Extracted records
-- Opening Marker --

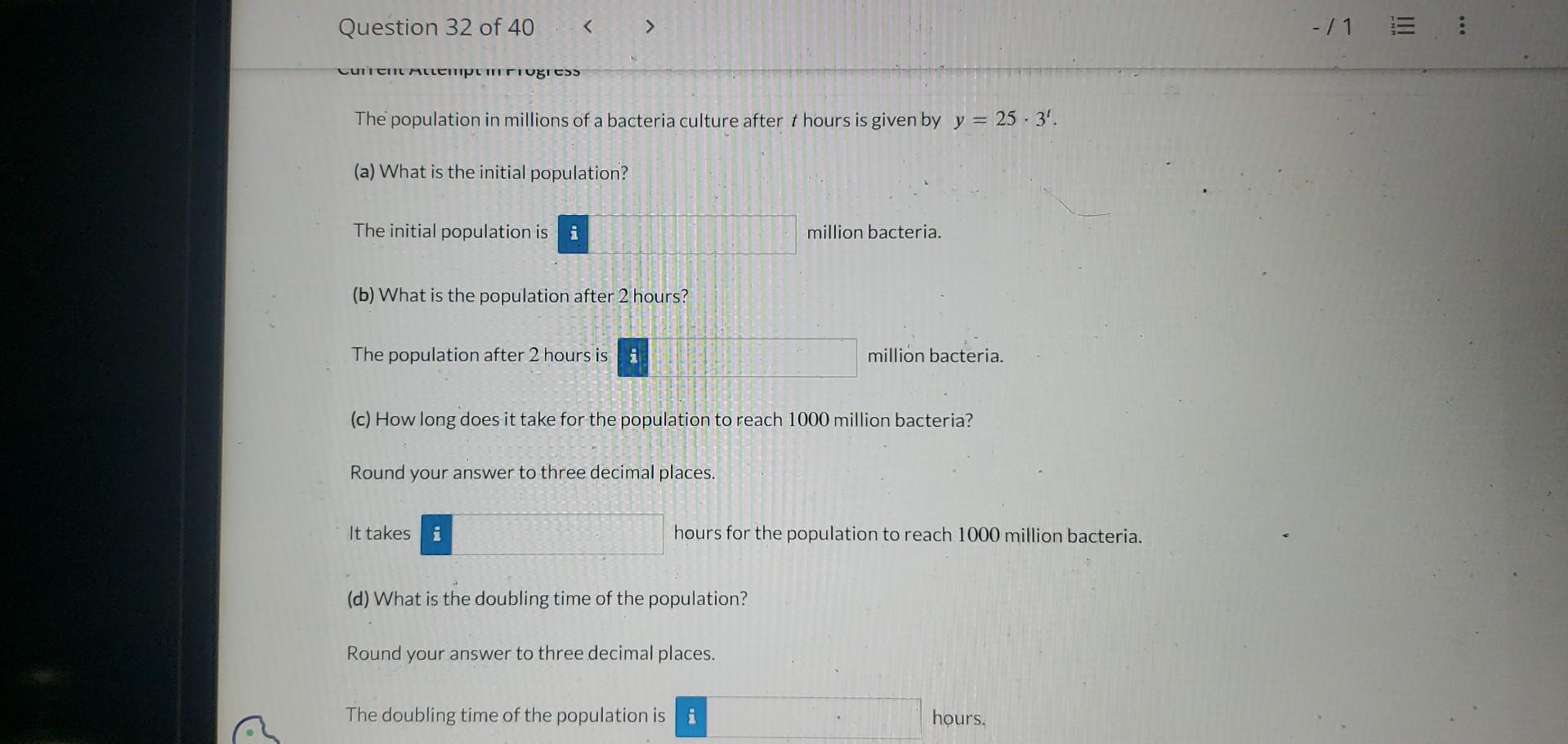 Solved The population in millions of a bacteria culture | Chegg.com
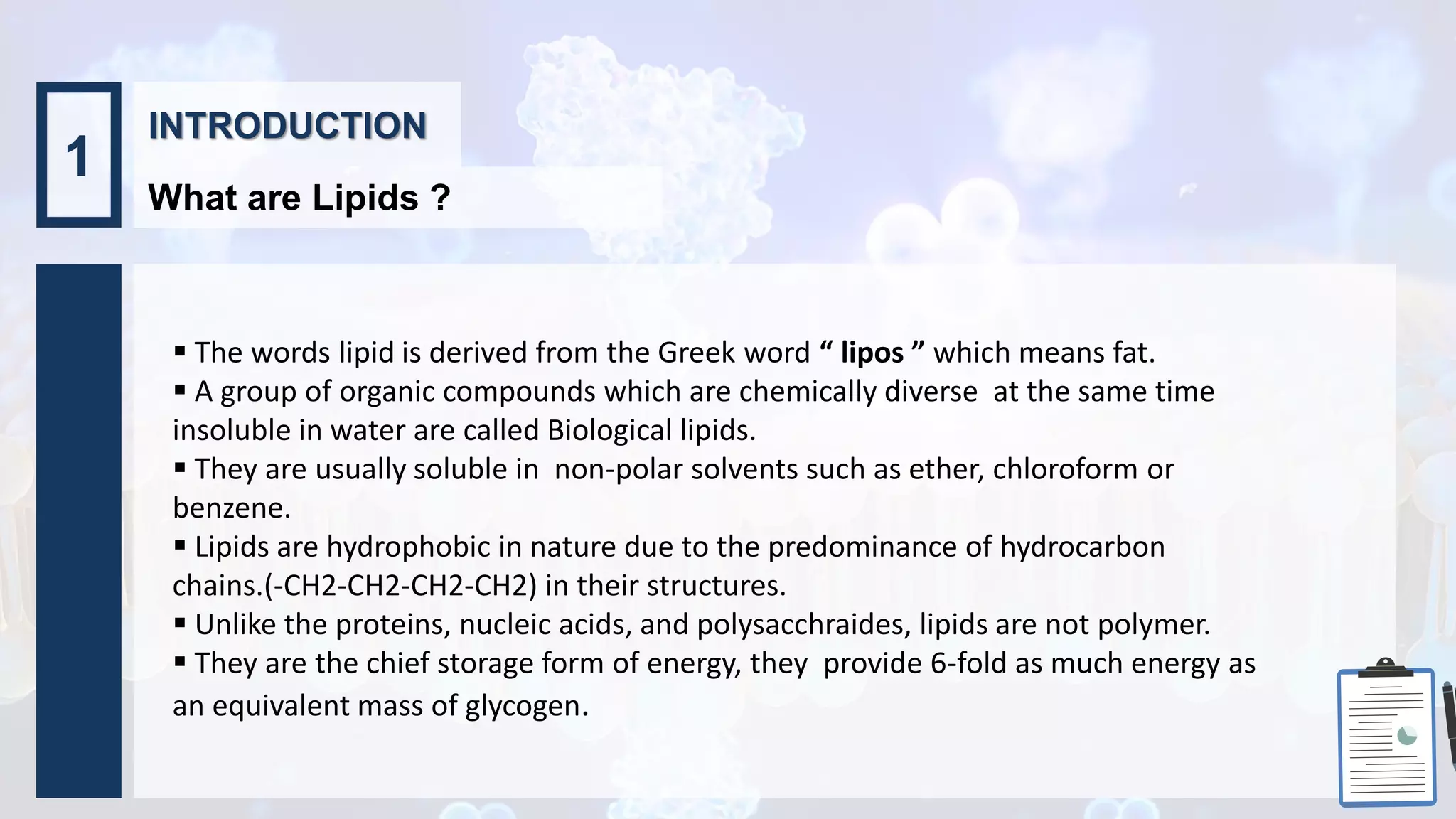 INTRODUCTION
What are Lipids ?
1
 The words lipid is derived from the Greek word “ lipos ” which means fat.
 A group of organic compounds which are chemically diverse at the same time
insoluble in water are called Biological lipids.
 They are usually soluble in non-polar solvents such as ether, chloroform or
benzene.
 Lipids are hydrophobic in nature due to the predominance of hydrocarbon
chains.(-CH2-CH2-CH2-CH2) in their structures.
 Unlike the proteins, nucleic acids, and polysacchraides, lipids are not polymer.
 They are the chief storage form of energy, they provide 6-fold as much energy as
an equivalent mass of glycogen.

-- Closing Marker --

All entries must be output exactly as they stand, and every picture must be left out.

FINAL ANSWER:
 Solved The population in millions of a bacteria culture | Chegg.com
 INTRODUCTION
What are Lipids ?
1
 The words lipid is derived from the Greek word “ lipos ” which means fat.
 A group of organic compounds which are chemically diverse at the same time
insoluble in water are called Biological lipids.
 They are usually soluble in non-polar solvents such as ether, chloroform or
benzene.
 Lipids are hydrophobic in nature due to the predominance of hydrocarbon
chains.(-CH2-CH2-CH2-CH2) in their structures.
 Unlike the proteins, nucleic acids, and polysacchraides, lipids are not polymer.
 They are the chief storage form of energy, they provide 6-fold as much energy as
an equivalent mass of glycogen.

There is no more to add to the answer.